KAMPANYANIN TADI etiketine sahip kayıtlar gösteriliyor. Tüm kayıtları göster
KAMPANYANIN TADI etiketine sahip kayıtlar gösteriliyor. Tüm kayıtları göster

24 Ağustos 2010

Çığlığa Uzat Elini


bir çığlık duyuldu derinden,
günler sonrasıydı
toprak ananın koynundaydı çocuklar
biri çığlık attı
KURTARIN BENİ
henüz vaktim gelmedi

büyümeli çocuklar
şairin de dediği gibi, şeker de yiyebilmeli
eksik kalmamalı
ne defterleri ne de kalemleri

oyunları olmalı oynayacak
yarınlara umutları; onları ayakta tutacak

haydi!
 sen de uzat elini
ister bir kalem ol
ister bir kağıt
becerebiliyorsan, bir umut ol!
tut ellerini















haydi
duy çocukların sesini









yonca

04 Aralık 2009

YARINLAR İÇİN




Noel Babanın geyiklerini anlattı komşu teyzeye gelen şehirli çocuk bana... Ondan ne istersen kızağına koyar, istediklerini getirir sana dedi...
Noel Baba yok ki bizim buralarda dedim...
Şaşırdı... Noel Baba her yerde vardır dedi.
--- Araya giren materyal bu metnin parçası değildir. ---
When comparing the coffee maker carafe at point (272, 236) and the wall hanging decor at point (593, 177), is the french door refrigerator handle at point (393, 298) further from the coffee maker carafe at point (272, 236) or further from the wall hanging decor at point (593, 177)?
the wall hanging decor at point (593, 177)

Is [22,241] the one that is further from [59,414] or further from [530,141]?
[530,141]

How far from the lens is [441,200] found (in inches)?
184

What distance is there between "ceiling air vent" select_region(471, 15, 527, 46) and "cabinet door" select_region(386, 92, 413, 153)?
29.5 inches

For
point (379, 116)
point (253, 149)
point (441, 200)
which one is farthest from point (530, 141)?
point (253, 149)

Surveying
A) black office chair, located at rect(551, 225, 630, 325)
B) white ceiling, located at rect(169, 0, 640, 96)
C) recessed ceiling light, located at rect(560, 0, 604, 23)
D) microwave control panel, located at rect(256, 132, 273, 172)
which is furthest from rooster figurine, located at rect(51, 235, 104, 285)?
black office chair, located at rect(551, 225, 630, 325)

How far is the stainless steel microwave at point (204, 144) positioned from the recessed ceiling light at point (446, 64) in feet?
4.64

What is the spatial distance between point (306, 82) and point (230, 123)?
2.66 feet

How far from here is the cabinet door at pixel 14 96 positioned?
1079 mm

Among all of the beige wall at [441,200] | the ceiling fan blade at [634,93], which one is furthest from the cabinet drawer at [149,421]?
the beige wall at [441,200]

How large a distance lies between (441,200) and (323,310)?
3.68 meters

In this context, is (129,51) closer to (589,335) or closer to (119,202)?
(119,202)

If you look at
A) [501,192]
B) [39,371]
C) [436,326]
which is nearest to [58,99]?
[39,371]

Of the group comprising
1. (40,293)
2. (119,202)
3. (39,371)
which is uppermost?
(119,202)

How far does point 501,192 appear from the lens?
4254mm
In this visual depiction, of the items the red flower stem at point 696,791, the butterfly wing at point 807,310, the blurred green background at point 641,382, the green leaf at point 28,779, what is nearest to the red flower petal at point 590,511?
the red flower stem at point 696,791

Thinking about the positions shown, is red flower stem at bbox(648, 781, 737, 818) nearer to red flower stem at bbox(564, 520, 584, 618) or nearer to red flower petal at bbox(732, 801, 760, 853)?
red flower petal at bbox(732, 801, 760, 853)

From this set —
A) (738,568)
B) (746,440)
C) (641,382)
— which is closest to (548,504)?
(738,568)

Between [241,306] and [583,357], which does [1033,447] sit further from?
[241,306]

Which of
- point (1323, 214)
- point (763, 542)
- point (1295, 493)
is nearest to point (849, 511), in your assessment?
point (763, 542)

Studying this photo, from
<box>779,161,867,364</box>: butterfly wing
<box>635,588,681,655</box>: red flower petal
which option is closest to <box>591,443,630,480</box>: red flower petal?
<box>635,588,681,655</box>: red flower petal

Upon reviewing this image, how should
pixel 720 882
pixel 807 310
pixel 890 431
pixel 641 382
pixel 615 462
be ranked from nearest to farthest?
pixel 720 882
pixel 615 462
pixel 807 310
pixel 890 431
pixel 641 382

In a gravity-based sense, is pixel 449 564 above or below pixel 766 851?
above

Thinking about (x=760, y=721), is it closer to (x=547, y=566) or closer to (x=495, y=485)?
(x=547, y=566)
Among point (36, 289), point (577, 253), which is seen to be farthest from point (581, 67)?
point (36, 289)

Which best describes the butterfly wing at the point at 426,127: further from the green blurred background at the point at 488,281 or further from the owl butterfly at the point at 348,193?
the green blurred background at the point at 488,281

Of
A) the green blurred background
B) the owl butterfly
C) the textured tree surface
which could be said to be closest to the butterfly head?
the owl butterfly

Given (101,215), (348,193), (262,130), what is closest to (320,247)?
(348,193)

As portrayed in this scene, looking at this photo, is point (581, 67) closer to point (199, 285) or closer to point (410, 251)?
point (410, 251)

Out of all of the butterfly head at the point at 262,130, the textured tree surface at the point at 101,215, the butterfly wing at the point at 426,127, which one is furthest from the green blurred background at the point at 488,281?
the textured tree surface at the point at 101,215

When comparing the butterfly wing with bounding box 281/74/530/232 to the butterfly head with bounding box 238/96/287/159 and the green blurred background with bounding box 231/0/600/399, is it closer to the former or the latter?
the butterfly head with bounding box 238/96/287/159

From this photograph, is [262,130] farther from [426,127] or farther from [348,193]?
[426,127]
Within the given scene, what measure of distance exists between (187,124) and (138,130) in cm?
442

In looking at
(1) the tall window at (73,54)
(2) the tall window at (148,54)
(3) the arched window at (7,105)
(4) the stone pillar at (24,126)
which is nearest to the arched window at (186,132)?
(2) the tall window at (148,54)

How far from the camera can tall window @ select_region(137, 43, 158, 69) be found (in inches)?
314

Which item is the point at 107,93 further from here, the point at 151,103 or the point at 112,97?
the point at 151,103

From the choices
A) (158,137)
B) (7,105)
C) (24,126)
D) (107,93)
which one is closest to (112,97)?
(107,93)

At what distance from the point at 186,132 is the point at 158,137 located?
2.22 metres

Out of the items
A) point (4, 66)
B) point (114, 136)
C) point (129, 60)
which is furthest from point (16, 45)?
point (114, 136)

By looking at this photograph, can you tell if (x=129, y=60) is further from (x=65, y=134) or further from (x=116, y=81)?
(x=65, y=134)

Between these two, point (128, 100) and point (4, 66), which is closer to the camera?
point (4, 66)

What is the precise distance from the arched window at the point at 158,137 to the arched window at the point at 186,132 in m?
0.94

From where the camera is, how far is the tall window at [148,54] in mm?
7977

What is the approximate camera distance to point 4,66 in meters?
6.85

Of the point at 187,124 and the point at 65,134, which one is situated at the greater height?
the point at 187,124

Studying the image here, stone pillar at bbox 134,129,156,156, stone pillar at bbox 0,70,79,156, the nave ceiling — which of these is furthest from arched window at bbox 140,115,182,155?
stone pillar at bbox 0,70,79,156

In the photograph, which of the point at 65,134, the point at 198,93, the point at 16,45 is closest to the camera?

Yeni yılın geldiğini haber verir...
Yeni yıl nedir ki dedim...
Yeni oyuncaklar, yeni kıyafetler, yeni yarınlardır dedi...
Sevindim... Ellerimi çırpmak istedim mutluluktan, ses vermediler onunkiler gibi...
Koştu camı açtı bana, bak sizin buralarda da kar yağıyor dedi, bu iyiye işaret...
Neden ki dedim...
Geyikler karda kızakları çekerler, kar olursa kızak kayar gider, böylece taşıyacakları hediyeleri de çok olur. Bak gördün mü kardan adamı?
Ben de bakmak istedim kardan adama, koşmadı ayaklarım onunkiler gibi, göremedi gözlerim kardan adamın havuçtan burnunu, kömürden gözlerini... Duymadım karın toprakta erirken çıkardığı sesi...
Neden ağlıyorsun diye sordu şehirli çocuk bana...
Bizim buralarda kar kötüye işaret dedim, yollar kapanır, umutlar kararır, donar küçük çocukların yarınları büyük çığların altında... Senin Noel Baba'na söylesem getirir mi bana ellerimi, peki ya gözlerimi, olur mu benim de senin gibi yarınlarım dedim...
Olur dedi... Önce inanmalısın onlarsız yarım olmadığına, bilmelisin eksikliğin değil var olmamaları...
O gece sabaha kadar dua ettim Allah'a, aracı ol bana, Noel Baba duysun sesimi diye... Ertesi gün koşarak gittim, komşu teyzeye, şehirli çocuğun yanına. Gitti dedi komşu teyze, şehre döndü. Günler günleri kovalarken, bir çığ düşmüş; 10 kişi kalmış altında, yukarı köyden akrabalardan da varmış aralarında. Anam ağlamaklı geldi yanıma: Oku dedi, büyük şehirlere git, kurtar kendini... Dayanırım uzaklarda olmana.
Sessiz kaldım, içimden; Ah anam dedim... Yok ki bizim buralarda Noel Baba...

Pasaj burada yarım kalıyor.